▸ EXERCISE PROMPT: Skip the pictures. Transcribe exactly the lines from the line containing "The Amityville Curse (2023)" to the end of the listing.

▸ DATA TO EXAMINE:
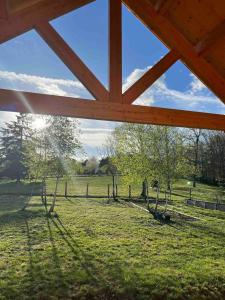 Chalets Cabane de Mardil : photos des chambres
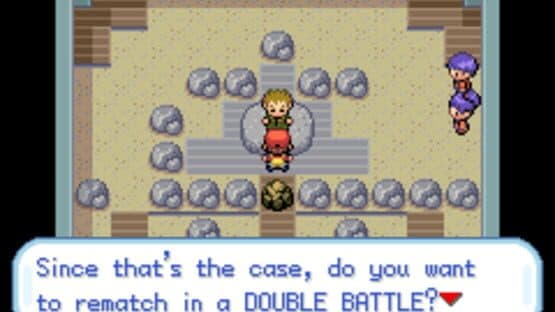 Pokémon FireRed Deluxe — screenshot 5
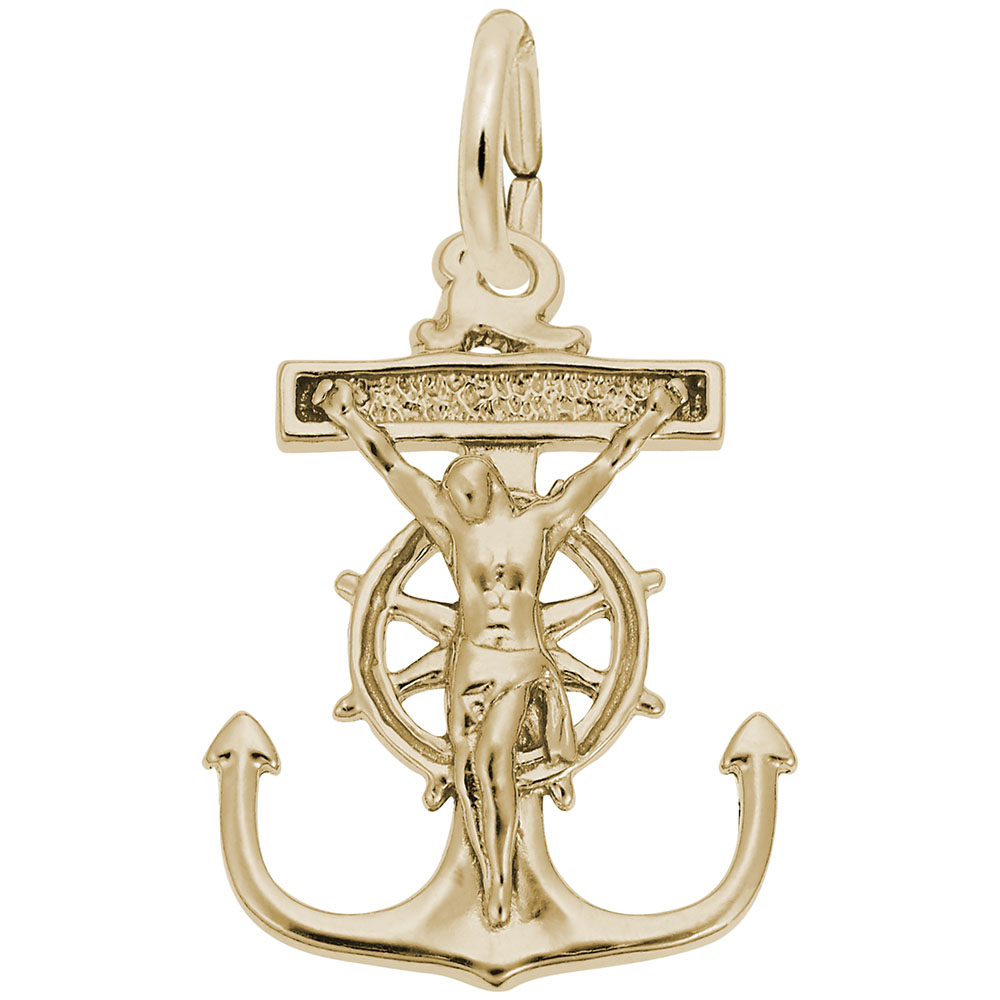 Mariners Cross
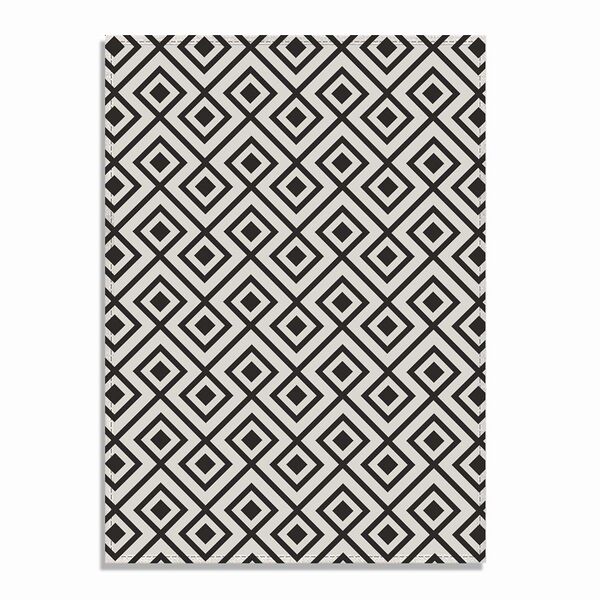 Полотенце кухонное Геометрия, 38х60 см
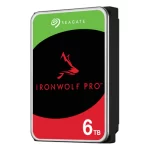 Seagate IronWolf Pro ST6000NT001 internal hard drive 3.5" 6000 GB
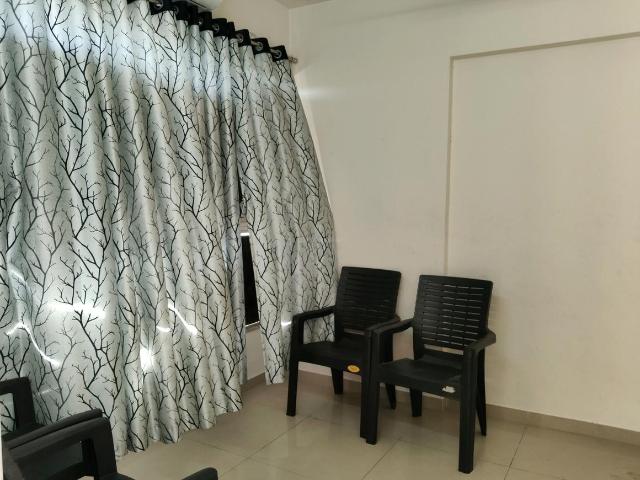1 BHK Apartment in Bhiwandi for resale Thane. The reference number is 18350108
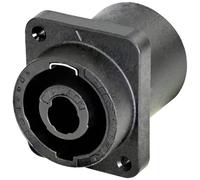 Neutrik NLJ2MDXX-V Adaptateur pour haut-parleur - Nombre de pôles:2 1 pc(s)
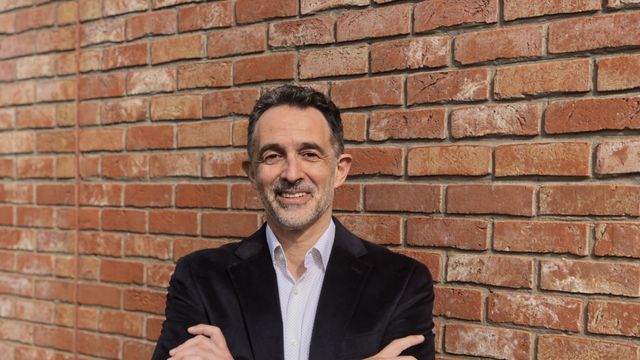Santiago Domínguez es el director general del fondo Bio&Tech Smart Capital.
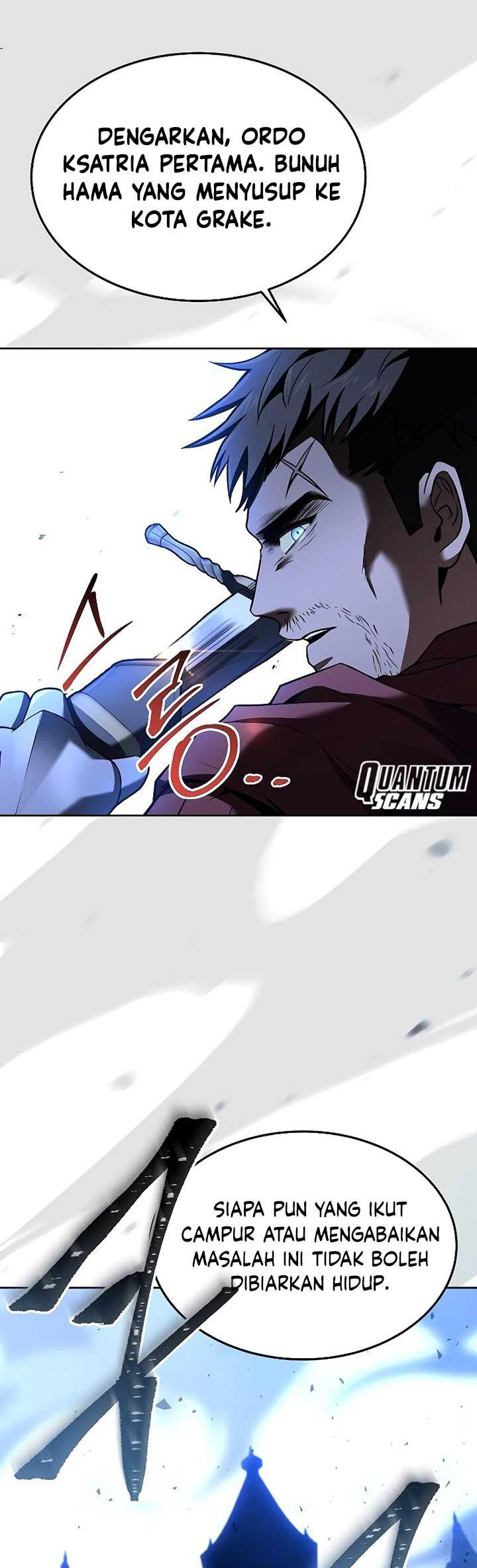 Archmage Restaurant Chapter 24 Gambar 18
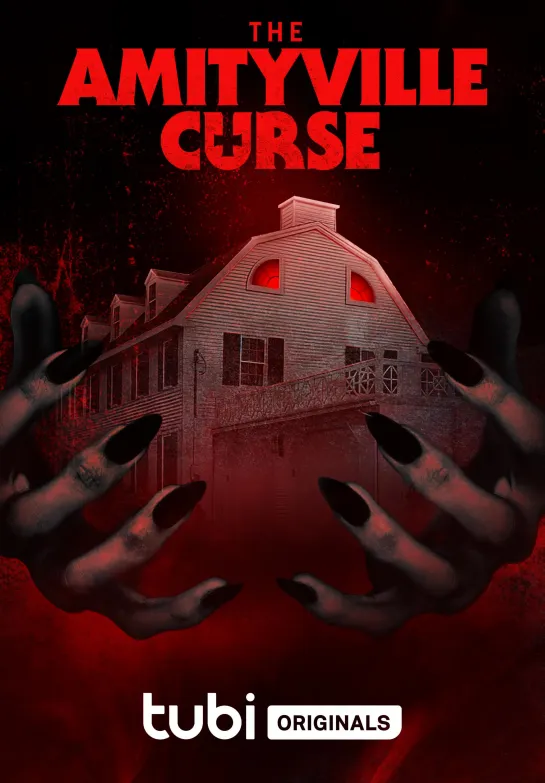 The Amityville Curse (2023)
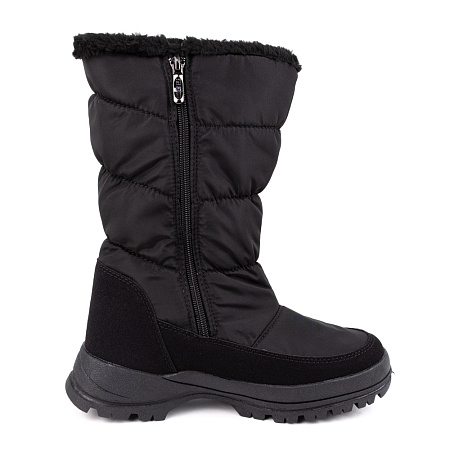 Сапоги Spur текстиль черный SZ380_02_01_TH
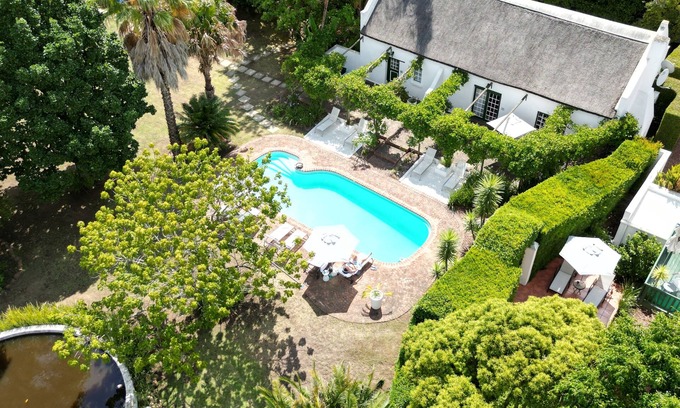 Swellendam Maison | Rothman Manor Guest House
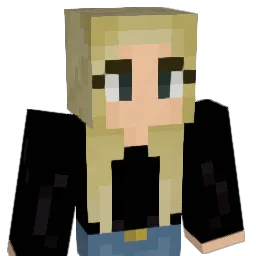 callik22 Minecraft avatar bust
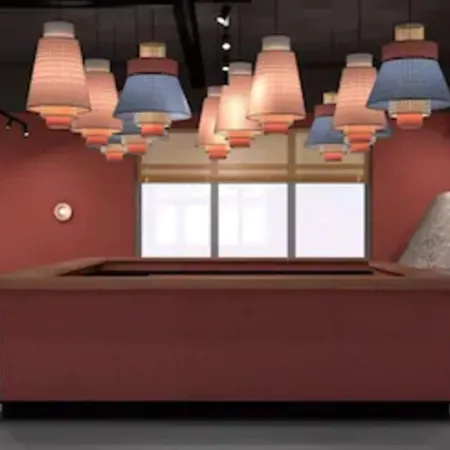 Ibis Styles Hotel 3*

▸ ANSWER AREA:
 The Amityville Curse (2023)
 Сапоги Spur текстиль черный SZ380_02_01_TH
 Swellendam Maison | Rothman Manor Guest House
 callik22 Minecraft avatar bust
 Ibis Styles Hotel 3*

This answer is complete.